What The Buzz? Word of Mouth Marketing Works
I trust a word of mouth endorsement better than any national campaign. With most major new purchases I will ask a friend about their experiences before I visit a website or head to yelp or read an amazon review. I was introduced to Kari Gran skin care through a friend who said, “You have to try this product!” I was not in the market for a new skin care line and certainly hadn’t considered using oil to cleanse my face. My friend’s emphatic endorsement, coupled with her smooth skin, convinced me to buy a Kari Gran Starter Kit.
Word of mouth marketing works because it isn’t a sales pitch. It’s not the high decibel car salesman screaming at you on the television. It’s a friend who excitedly tells you that In-N-Out is the BEST burger on the planet or that Jawz taco truck in Maui is a must-visit destination. A mom-and-pop business relies on word of mouth to make it, which is why every customer encounter counts.
Word of mouth marking has an official organization, Womma, which helps its clients capitalize on word of mouth and social media, stating that “any business action that earns a customer recommendation” is classified as word of mouth.

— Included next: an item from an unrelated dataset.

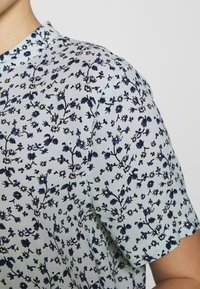 Bluse mit floralen Mustern in Himmelblau mit marineblauen und grünen Details. Verfügt über einen Kragen und kurze Ärmel, aus leichtem Stoff gefertigt.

Their clients include such “mom-and-pops” as Sony, McDonald’s, and Nissan which shows that even the big guys know the importance of positive reference.
I’ve been spreading the word about Kari Gran because I see results with the product. I also believe in the philosophy of the founders, beauty comes from being kind to yourself and to your skin, but most of the word of mouth buzz I’ve been generating is from friends approaching me and asking me what I’m using on my skin. Now THAT’s the best endorsement anyone could ask for.